Degradation of a Metal–Polymer Interface Observed by Element-Specific Focused Ion Beam-Scanning Electron Microscopy

The degradation of a metal–polymer interface was studied in three dimensions using focused ion beam-scanning electron microscopy (FIB-SEM) with energy-dispersive X-ray spectroscopy. A brass-rubber interface, which is important for tires, was examined as an example of a metal-polymer interface. Brass-plated steel cords were embedded in rubber, which was then vulcanized. The brass-rubber interface was treated at 70 °C under 96% humidity for up to 14 days (a wet-heat aging treatment).
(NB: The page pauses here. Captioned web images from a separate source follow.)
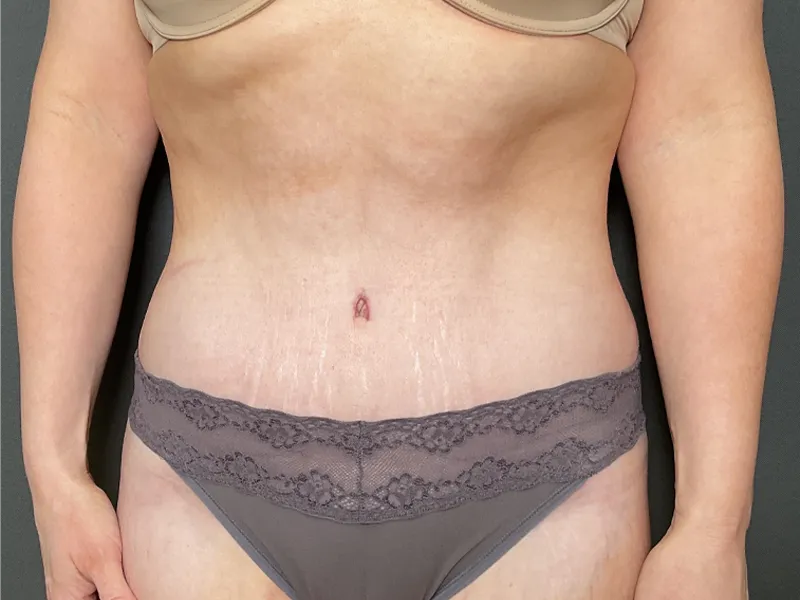 Tummy Tuck
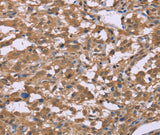 Anti-Human IFNA2 Antibody - ABMIUM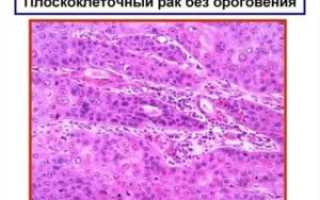 Плоскоклеточный рак с ороговением гортани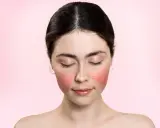 Visage d'une jeune femme aux joues marquées par une plaque rouge, les yeux fermés, sur fond rose doux.
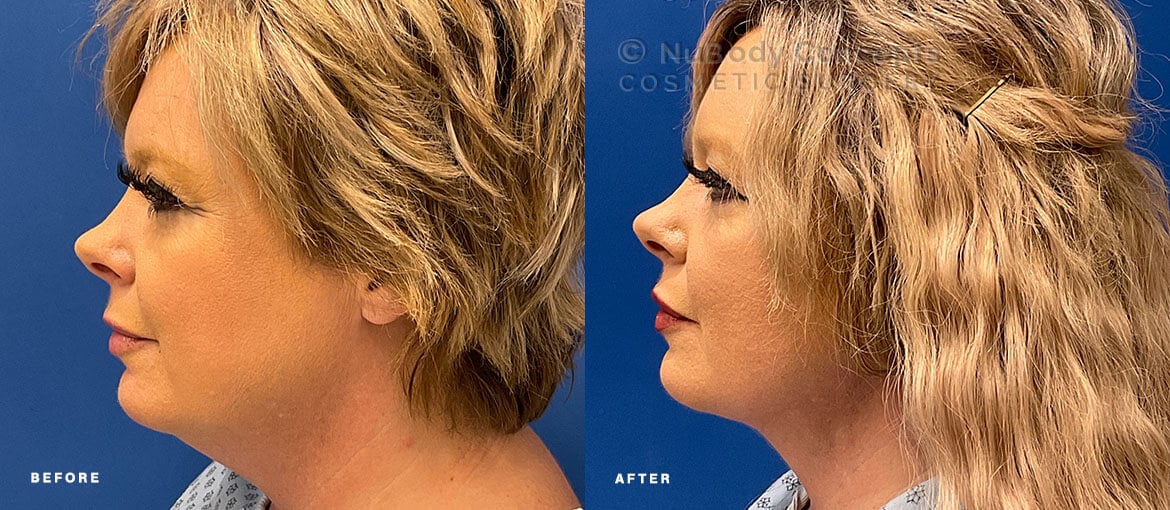 NuBody Concepts Nashville patient before and after non-surgical facelift with Renuvion - side view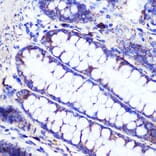 Immunohistochemistry - Anti-SIRT2 Antibody (A87642) - Antibodies.com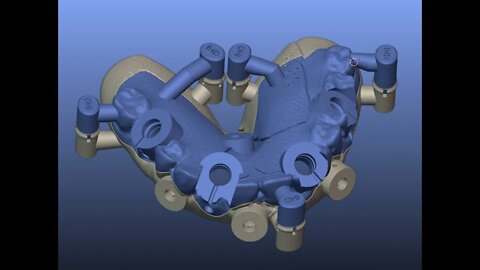 Turning a 3Shape Simplant Denture into a Stackable B4D Guide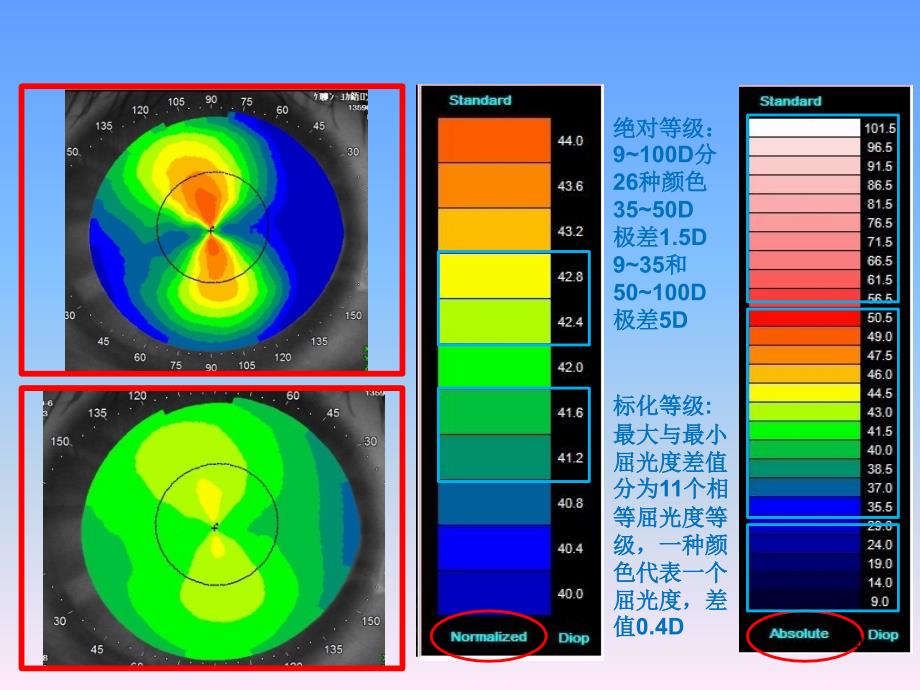 图说角膜地形图PPT幻灯片课件_第4页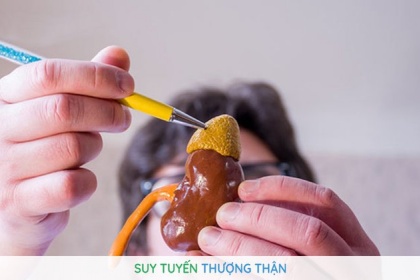 Suy tuyến thượng thận do Lạm dụng corticoid?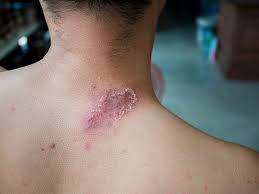 Image result for zoster under breasts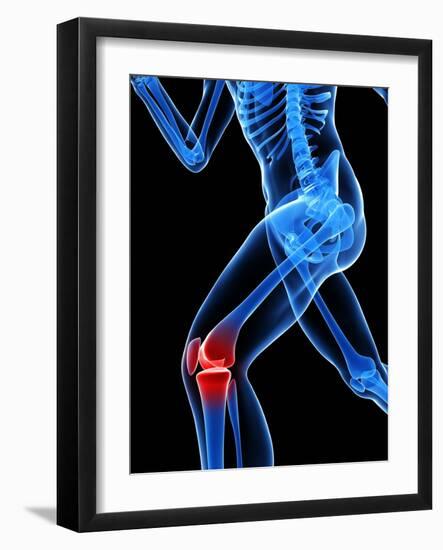 Knee Pain, Conceptual Artwork-SCIEPRO-Framed Photographic Print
FIB-SEM provided clear three-dimensional images of the adhesive layer consisting of brass (CuZn), Cu x S, and ZnO/ZnS between the steel cords and rubber. During degradation, Cu x S at the interfaces diffused into the rubber, resulting in the direct contact of bare steel with rubber. The lack of a substantial adhesive layer explained the degradation of mechanical properties after the wet–heat treatment. In addition, electron diffraction and electron energy loss spectroscopy revealed that the Cu2S crystals in the adhesive layer changed to crystal-like CuS during the degradation, which also caused a degradation of mechanical properties because a high Cu valence of x ≈ 2 in Cu x S leads to stronger adhesion than a valence of x = 1.